McCauley v. Harvey
McCauley v. Harvey
Opinion of the Court
1. The appointment of Weber as administrator with the will annexed, superseded per se all former administrations of the estate.
2. The proceedings in the Probate Court resulting in the sale made by Weber as administrator with the will annexed, were not defective in point of jurisdiction; and the other objections urged against the sale, even if they could have been maintained, should have been taken in the Probate Court or by appeal.
3. McCauley relies upon the sale made under the directions of the Probate Court, and in due course of administration, of the estate of Chabolla. The defendants, upon the other hand, claim through conveyances made by the heirs of Chabolla anterior to the probate sale, and a subsequent confirmation and patent from the United States Government, running directly to their grantors as such heirs.
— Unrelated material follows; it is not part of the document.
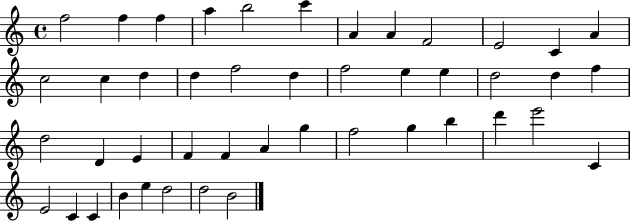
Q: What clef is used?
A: treble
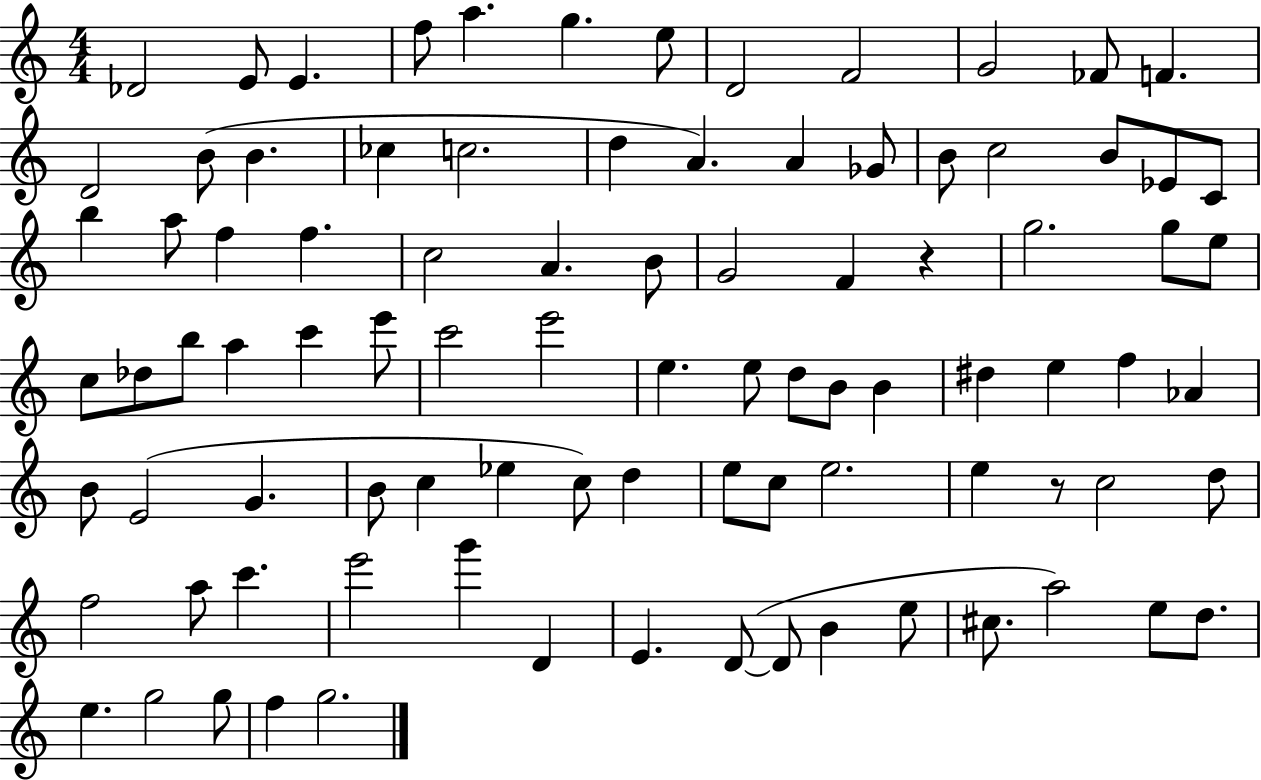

It only remains, therefore, to consider whether the Statute of Limitations, relied upon by the defendants, is effectual to bar the relief awarded to McCauley by the decree, and we think that this question must be answered in the negative. McCauley’s possession of the premises, as a tenant in common with the defendants, had never been disturbed; no ouster had occurred, and no acts of exclusion upon the part of the defendants, equivalent to an ouster, had taken place.
It is apparent that, under such circumstances, the Statute of Limitations has no application. A person all the while in possession according to his right, cannot, while holding the possession, be divested of that right in favor of another. If authority be needed in support of a proposition so self-evident, it may be found in Love v. Watkins, 40 Cal. 547.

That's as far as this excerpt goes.